Each Document contains a .page_content attribute that holds the text and a .metadata attribute that stores metadata (like file path).
output exmpl : [Document(page_content="This is the text from your file...", metadata={"source": "your_text_file.txt"})]

Why Use loader.load()?
loader.load() is necessary because it reads the text file and converts it into a Document object that LangChain can process.
Without calling loader.load(), you won't have any text data to work with inside LangChain.

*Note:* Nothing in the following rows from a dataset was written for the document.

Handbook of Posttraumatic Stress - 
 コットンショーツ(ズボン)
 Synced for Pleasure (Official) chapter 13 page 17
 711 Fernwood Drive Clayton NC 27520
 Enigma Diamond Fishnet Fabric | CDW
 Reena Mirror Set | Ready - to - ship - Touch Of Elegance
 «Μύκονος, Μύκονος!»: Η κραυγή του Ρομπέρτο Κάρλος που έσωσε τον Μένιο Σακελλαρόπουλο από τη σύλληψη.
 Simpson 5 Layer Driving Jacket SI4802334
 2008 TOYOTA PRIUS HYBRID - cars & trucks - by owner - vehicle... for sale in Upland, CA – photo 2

2️⃣ text_splitter = CharacterTextSplitter(chunk_size=200, chunk_overlap=20)
What it does:
Creates a CharacterTextSplitter object that will be used to split the text into chunks.
chunk_size=200 → Each chunk will have a maximum of 200 characters.
chunk_overlap=20 → Each chunk will overlap by 20 characters with the previous one.
Why is chunking needed?
Large texts can be too big for processing in memory or passing to models.
Splitting keeps context while preventing input limits from being exceeded.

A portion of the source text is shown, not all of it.